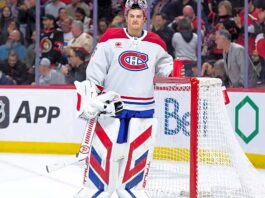 Will the Montreal Canadiens Trade Sam Montembeault This Offseason? Montreal Canadiens goaltender Sam Montembeault, in full gear with his team's red, white, and blue jersey, standing by his net during an NHL game, amid swirling trade rumors and discussions about his offseason future.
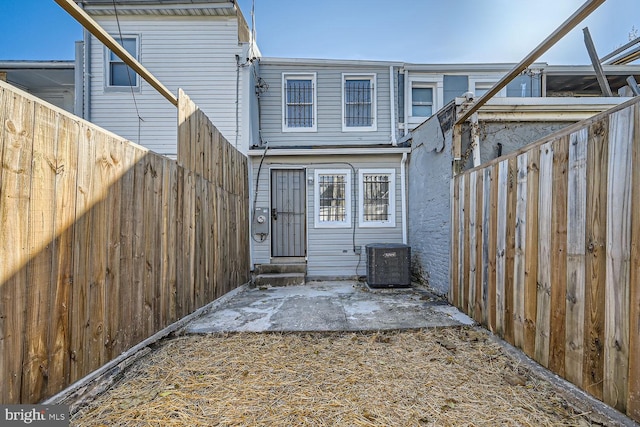 back of property featuring central air condition unit and a patio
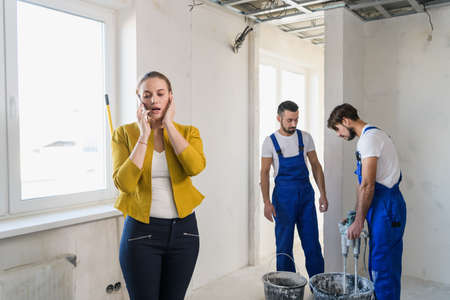 Inspector calls on the phone, workers knead plasterの写真素材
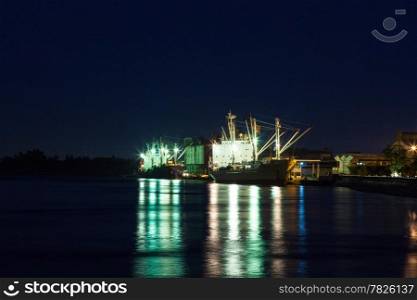 Shipping port at night. Cargo ship to dock at night.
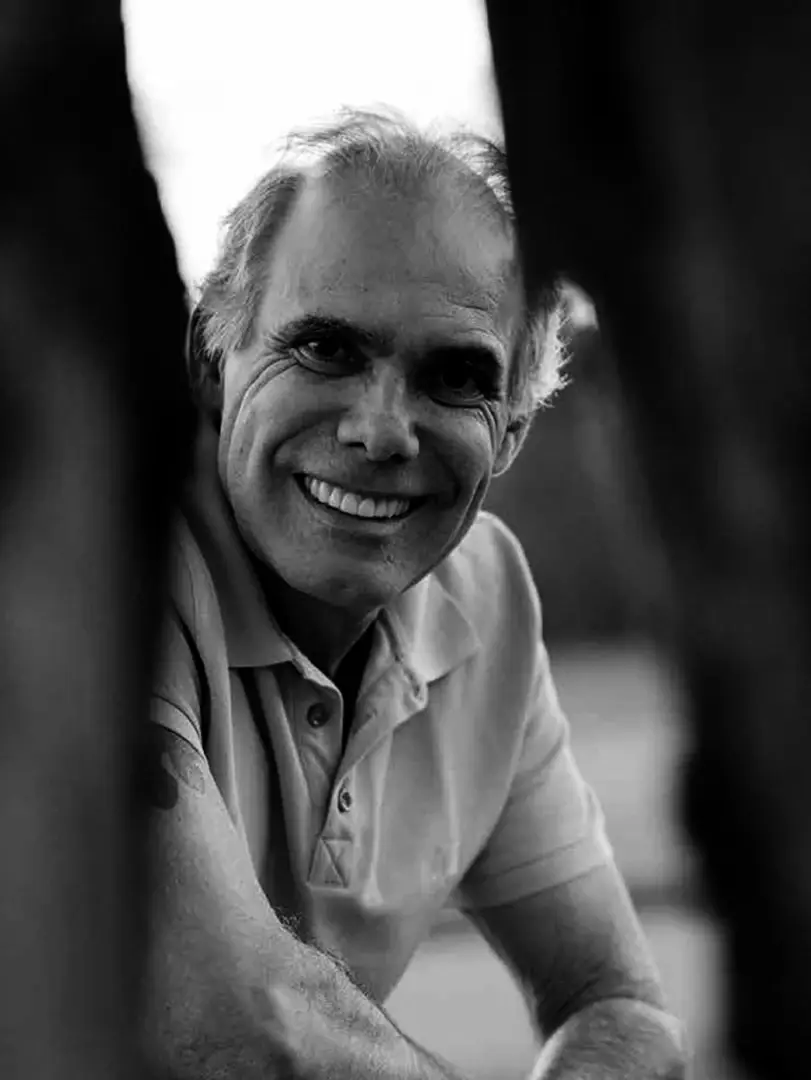 Luiz Carlos Orsini, Brisa's landscape designer, leaning on a trunk, in black and white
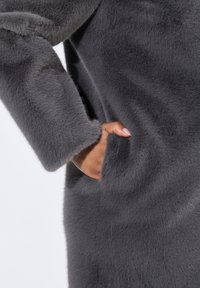 Abrigo de piel sintética gris con una textura suave, con mangas largas y un bolsillo lateral. La tela tiene un aspecto suave y aterciopelado.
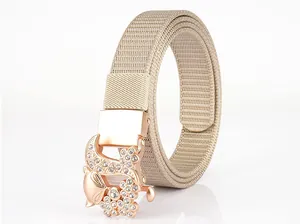 Macro detail of khaki nylon canvas belt with a rose gold rhinestone floral buckle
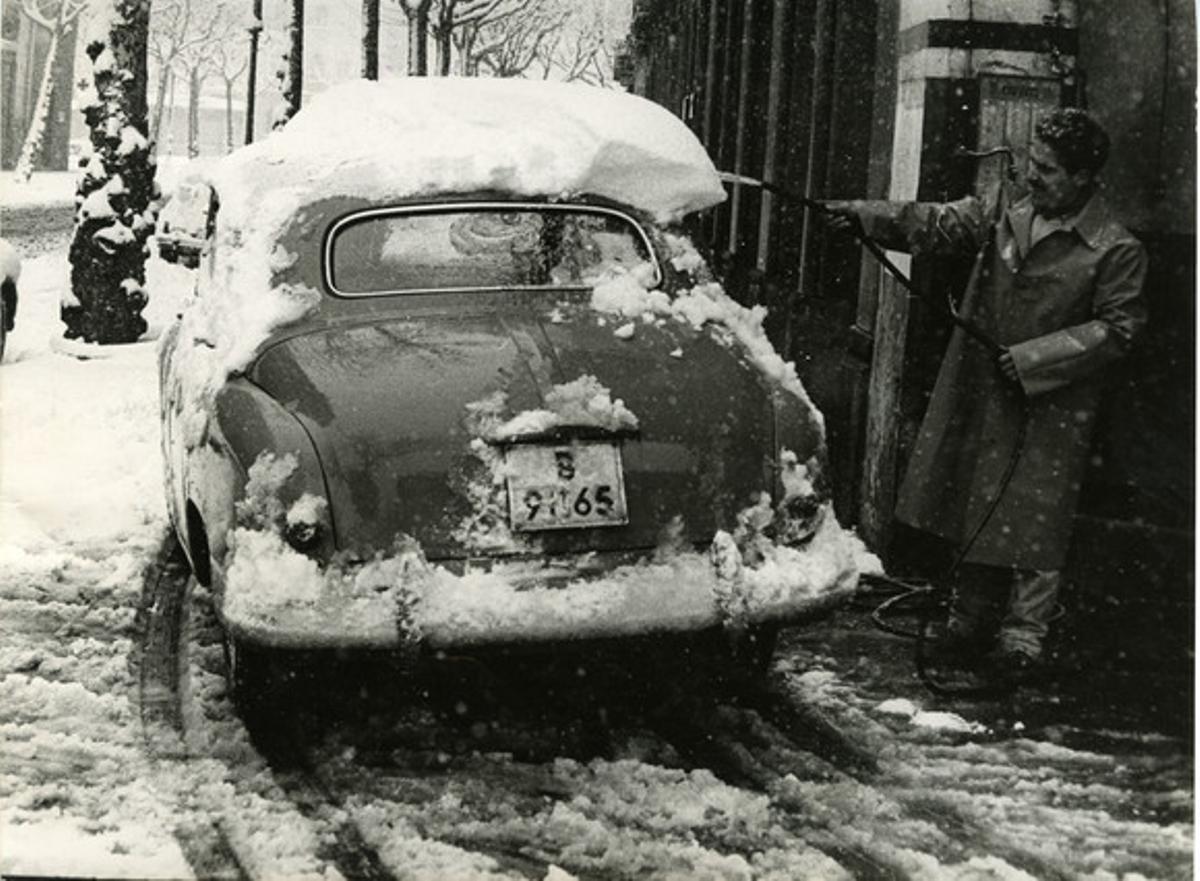 Un barcelonés, manguera en mano, trata de disolver la nieve del techo de su coche.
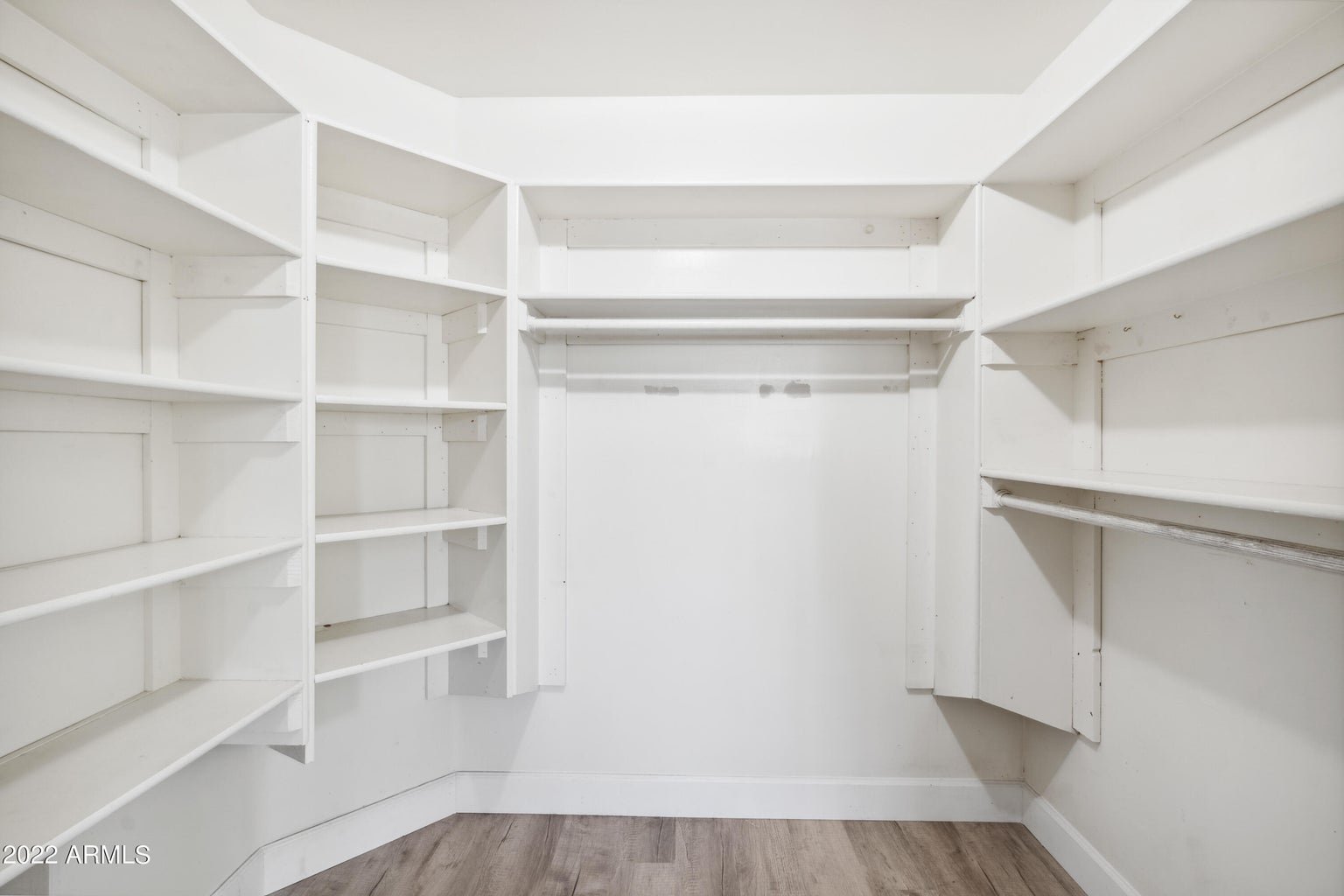Primary closet with built in shelving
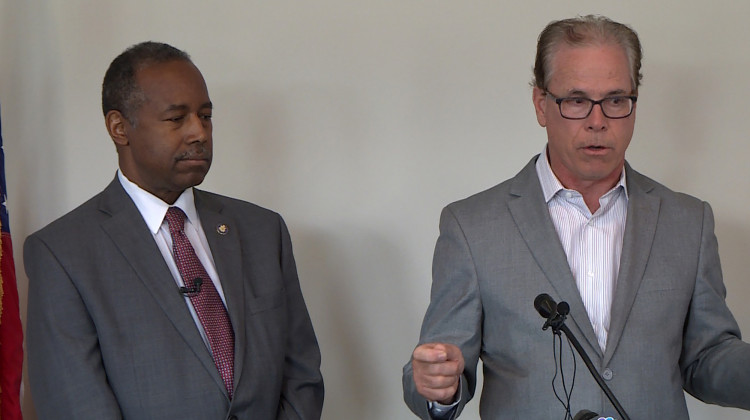 HUD Secretary Ben Carson, left, and Sen. Mike Braun (R-Ind.) discuss opportunity zones in Indianapolis. - WTIU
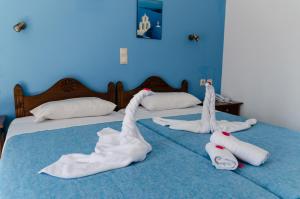 twee bedden met witte handdoeken bovenop bij Anatoli Beach Hotel in Georgioupolis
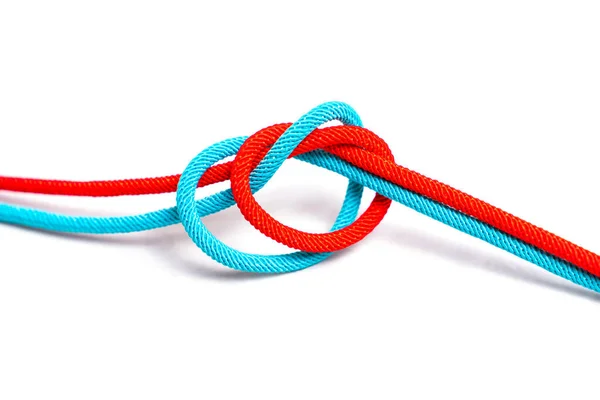 Red Blue Cords Tied Together Isolated Neutral Background Unity Concept — Stock Photo, Image
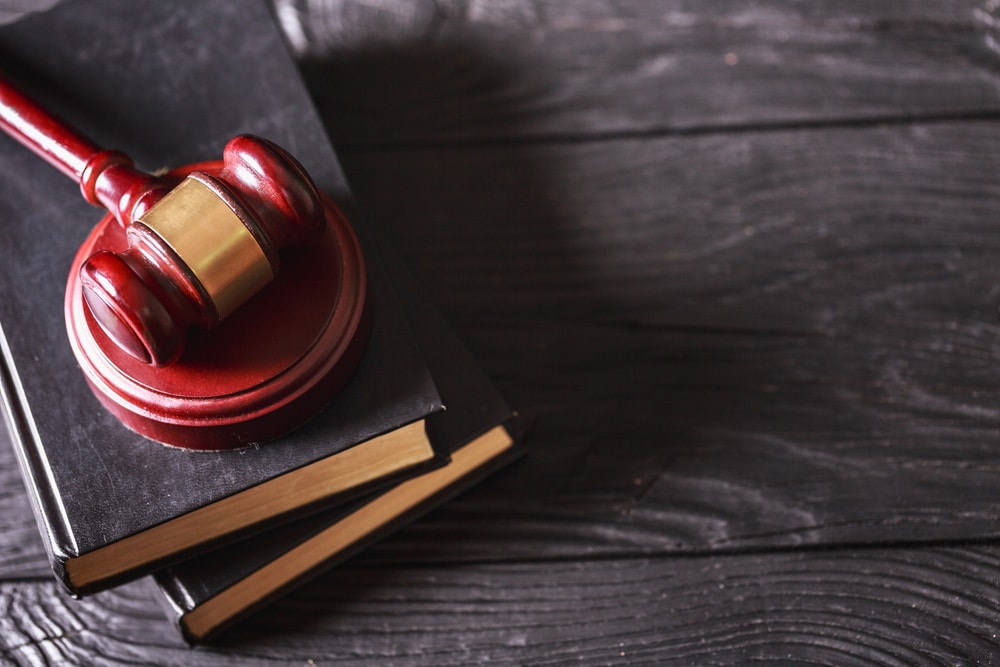 Gavel on Top of Books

********************

* [WHAT THE TASK REQUIRES]: Pictures are not part of the answer. Restate word for word the lines from the one with "Abrigo de piel" through the last line of the records.

* [TASK SOLUTION]:
 Abrigo de piel sintética gris con una textura suave, con mangas largas y un bolsillo lateral. La tela tiene un aspecto suave y aterciopelado.
 Macro detail of khaki nylon canvas belt with a rose gold rhinestone floral buckle
 Un barcelonés, manguera en mano, trata de disolver la nieve del techo de su coche.
Primary closet with built in shelving
 HUD Secretary Ben Carson, left, and Sen. Mike Braun (R-Ind.) discuss opportunity zones in Indianapolis. - WTIU
 twee bedden met witte handdoeken bovenop bij Anatoli Beach Hotel in Georgioupolis
 Red Blue Cords Tied Together Isolated Neutral Background Unity Concept — Stock Photo, Image
 Gavel on Top of Books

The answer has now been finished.